CA Bourges, ch. civ., 5 avril 2018, n° 17-00238

BOURGES

Arrêt

Confirmation

PARTIES

Demandeur :

CHR Boissons (SAS)

COMPOSITION DE LA JURIDICTION

Président :

M. Foulquier

Conseillers :

MM. Guiraud, Perinetti

T. com. Nevers, du 7 déc. 2016

7 décembre 2016

Suivant deux actes sous seing privé en date du 20 juillet 2012, la SAS CHR Boissons et M. X, gérant du Bar des Halles à Nevers, sont convenus d'une mise à disposition de divers matériels nécessaires à l'activité commerciale de ce dernier (tirage de bière, rentoilage de trois stores et de deux abris pour 11 000 euros, mobilier de terrasse pour 4 500 euros et capots de stores pour 1 872 euros), en contrepartie de laquelle le commerçant s'engageait à débiter en exclusivité des produits de ladite société et des bières provenant de la Brasserie Météor.

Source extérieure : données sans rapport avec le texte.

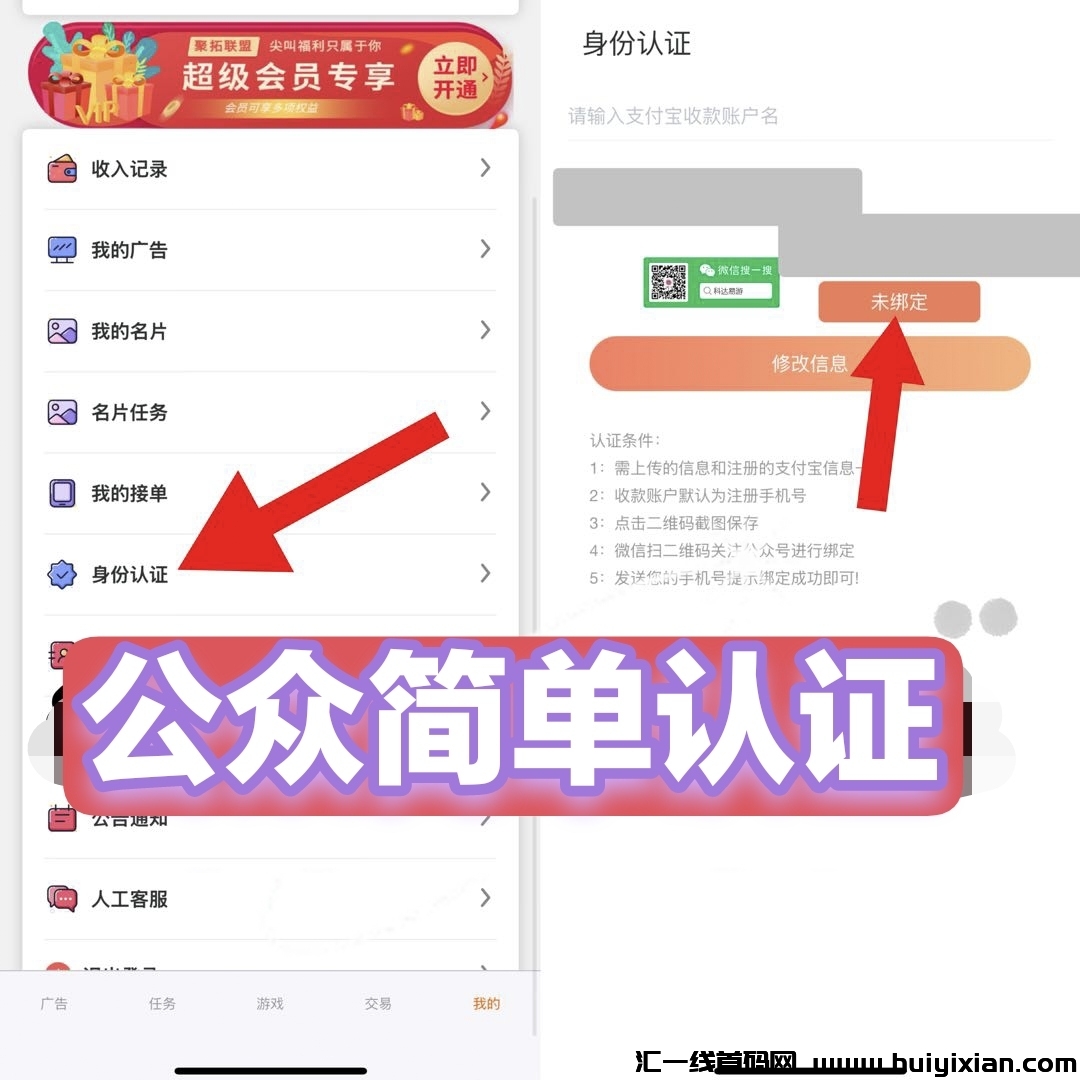 e1061283ea20250209130015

Début janvier 2015, M. X a informé la SAS CHR Boissons qu'il ne voulait plus exécuter ses contrats car il laissait son fonds de commerce et le repreneur souhaitait changer de fournisseur. La SAS CHR Boissons lui faisait alors part de son intention de solliciter l'application de la clause de la convention prévoyant que cette inexécution devait l'amener à rembourser le matériel, déduction faite d'un amortissement de 30 euros par hectolitre de bière acheté et de 3 % basé sur son chiffre d'affaires total réalisé avec elle.

M. X ayant refusé de s'acquitter de l'indemnité réclamée, la SAS CHR Boissons a saisi, par requête, le président du Tribunal de commerce de Nevers qui rendait à son profit, le 30 novembre 2015, une ordonnance d'injonction de payer la somme de 14 137,31 euros avec intérêts au taux légal à compter du 13 octobre 2015, outre divers frais de procédure.

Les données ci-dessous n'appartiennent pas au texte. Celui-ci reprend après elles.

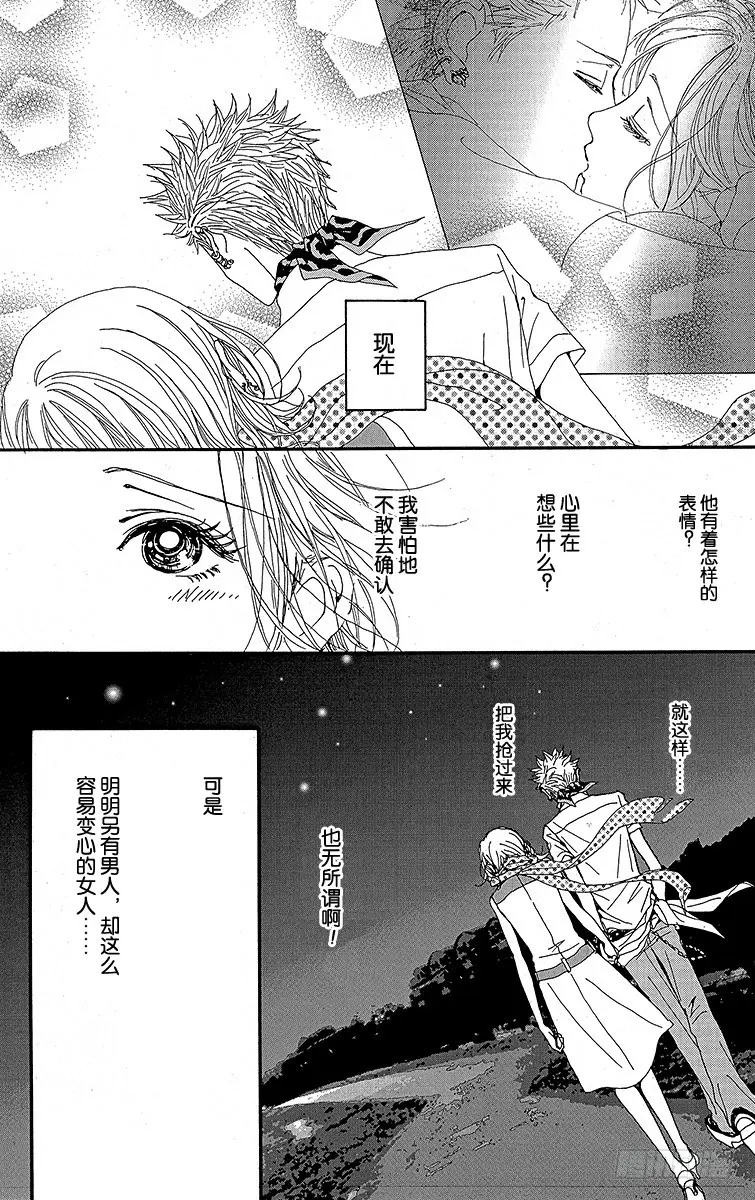第23话5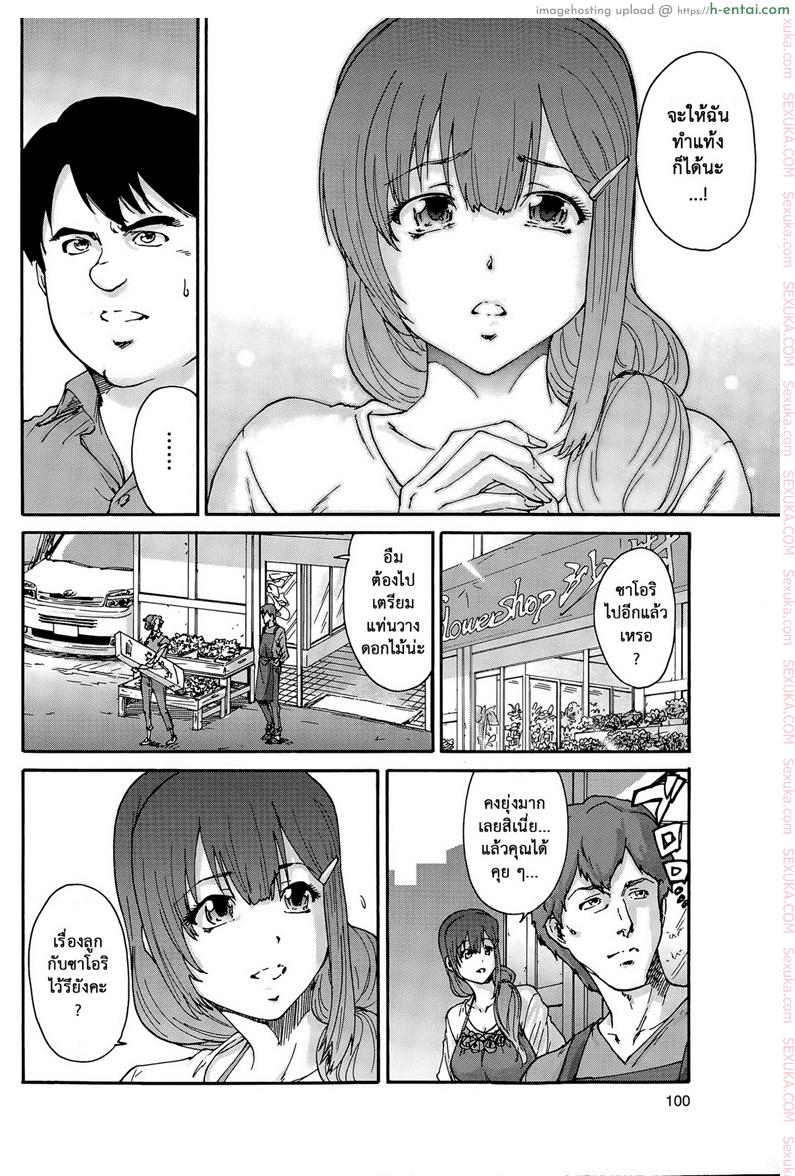 สามสิบยังแจ๋ว 8 - ลิลลี่เปลือยกาย - แผ่น 4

Sur opposition formée par le débiteur le 14 décembre 2015, le Tribunal de commerce de Nevers, par jugement rendu le 7 décembre 2016, a prononcé, à titre principal, la nullité des contrats de mise à disposition pour absence de détermination des produits livrés et subsidiairement leur nullité pour absence de contrepartie, a débouté la SAS CHR Boissons de l'ensemble de ses prétentions, a condamné M. X à restituer à la SAS CHR Boissons le matériel (tirage pression, rentoilage de trois stores et de deux abris, mobilier de terrasse et capots de stores) sous astreinte de 50 euros par jour de retard à compter de la signification du jugement, l'a également condamné au paiement de la somme de 352,31 euros au titre des factures d'achat de marchandises non réglées, l'a débouté de l'ensemble de ses autres demandes, dit n'y avoir lieu ni à indemnité de procédure ni à exécution provisoire et a condamné la SAS CHR Boissons aux dépens.

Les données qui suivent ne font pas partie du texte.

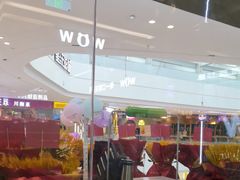 -蛙喔牛蛙(淮安吾悦店)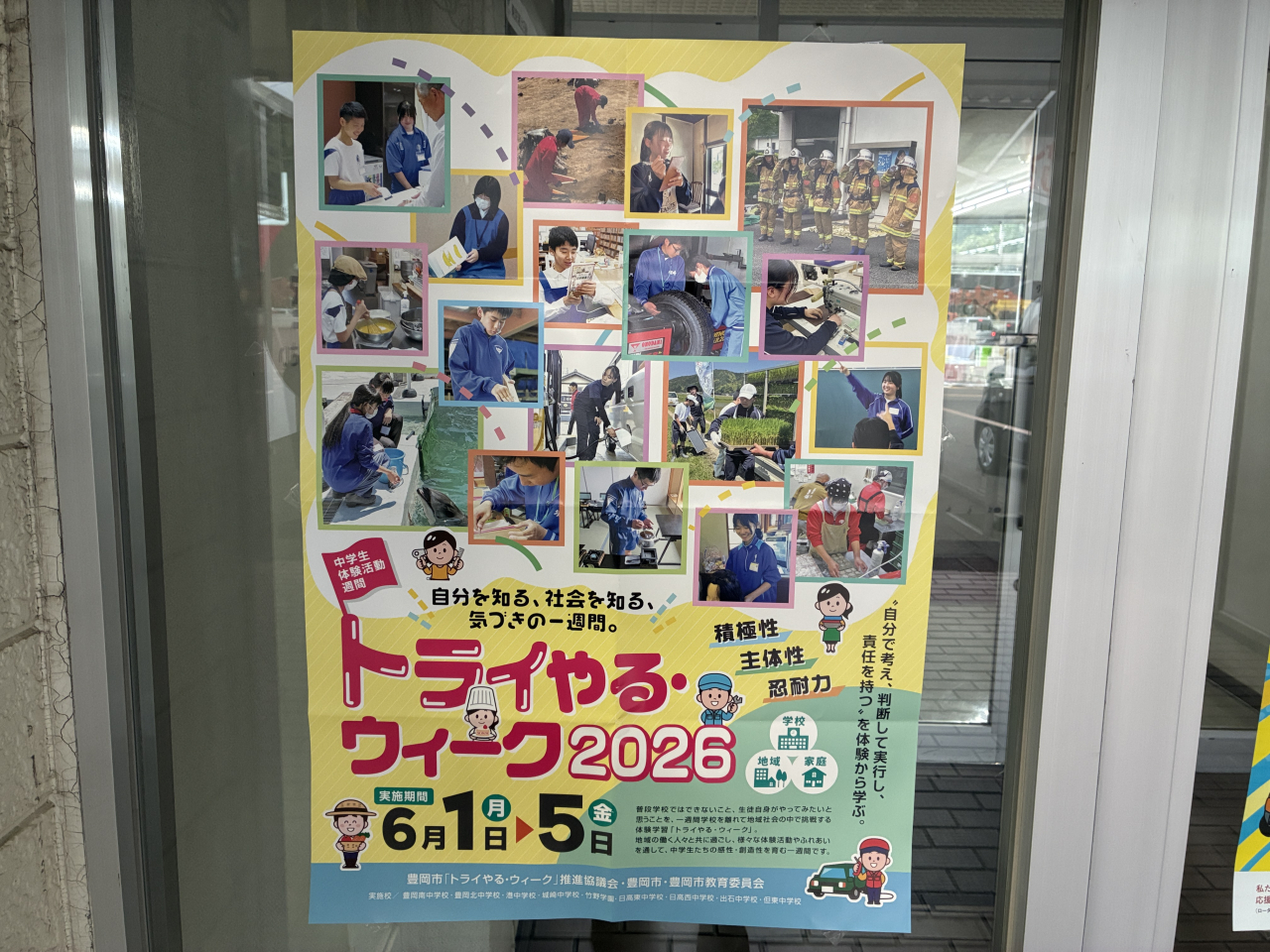 トライやるウイーク奮闘中!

Pour procéder à l'annulation des contrats sur le fondement de l'article 1129 du Code civil (indétermination de la chose livrée), le premier juge observe tout d'abord qu'aucun des contrats ne précise de durée, de quantités, de conditionnement, de détail sur la nature des articles concernés, que les montants sont exprimés sans information de taux de TVA et que la clause fixant les modalités de calcul de l'indemnité de résiliation ne précise pas les règles d'application du chiffre d'affaires pris en compte ni son assujettissement ou non à la TVA. Il relève ensuite une discordance notoire entre les charges supportées par la SAS CHR Boissons (prix d'acquisition du matériel) et le montant refacturé au client. Répondant au moyen tiré de l'application de l'article 101 du traité sur le fonctionnement de l'Union européenne qui soumet la validité d'une clause d'exclusivité à la condition que le fournisseur comme l'acheteur réunissent chacun au moins 30 % de parts de marché, le tribunal se borne à constater que cette proportion n'est démontrée par aucune des deux parties qui se renvoient la charge de la preuve. Enfin, il note que la somme de 352,31 euros représentant le solde des factures d'achat de marchandises n'est pas contestée par M. X.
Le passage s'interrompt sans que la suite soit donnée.